I am really sorry to hear you say that. I wish you would suspend your disbelief at least until you have read up on it. The Mises Institute puts up all their literature on line for everyone to download it for free and still their people keep writing. And, by doing this, they create so much awareness in the world. Information needs to be free. In fact, It is in the nature of information that it must be free.
Nonsense. I work for a company that produces computer software. That software is expensive to make, but solves real-world problems, so people gladly pay for it.
If we couldn’t charge money for our software, we wouldn’t make it. Open source / free software is great as far as it goes, but there’s only so much that programmers are prepared to do for free.
The truth is that software is much more than just an idea – it’s a working machine based on ideas (it just so happens that the machine has no moving parts). Ideas are cheap; working expressions of those ideas are not.
Books and movies are similar. They may be built on ideas, or express ideas, but each unique expression deserves protection. It’s one thing to write a new book covering the same themes as an existing work; it’s quite another to copy their work verbatim.
Just because some people aren’t interested in profiting from their intellectual property, it doesn’t follow that nobody should be allowed to.
Well said mrg! I agree with everything you say here.
In Kinsellas world (IP is not property) one can charge for software. Anyway, I tried to convince you and clearly I failed. But, still, I encourage you to read the literature to find out why very smart people like Hermann- Hans Hoppe were converted to Kinsella’s ideas on IP.
Silbertibor,
You’re right: I should read the literature. Based on a brief previous investigation, it seemed like the protection for software would fall short of what I’d expect.
I had a brief exchange with Kinsella himself on this site back in 2010:
https://www.cobdencentre.org/2010/09/goods-scarce-and-nonscarce/
Unfortunately, I haven’t yet found time to read all of the links that were recommended.
Thanks for your comments. It’s an interesting topic.
I read your exchange with Kinsella. In one of your exchanges you said in part “I don’t support software patents, but I do support software licence agreements. These are legitimate contracts between buyers and sellers, and they should be enforceable by law.” I realize that the conversation continued on to talk about third parties.

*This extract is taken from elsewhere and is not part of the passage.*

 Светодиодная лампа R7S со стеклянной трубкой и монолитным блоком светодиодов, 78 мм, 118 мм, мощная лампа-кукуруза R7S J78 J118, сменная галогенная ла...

But still, your statement is thoughtful. Kinsella agreed with you as do I. As far as third parties are concerned, we still disagree. But we are getting closer to each other’s views on the subject of IP. And, that’s a good thing
“As the state fiat money system approaches its endgame”
Can you explain the “endgame”…I understand about the debasement of the currency from QE and how this reduces debt by increasing nominal GDP. How does this become an ominous “endgame” if central banks are only interjecting when deflation is expected? Have central banks not been doing this since the 1970’s…is it not just more of the same?
confused!
The end game is the total and catastrophic collapse of the currency, hyperinflation.
Detlev, I wish you would comment on where you stand on the IP debate.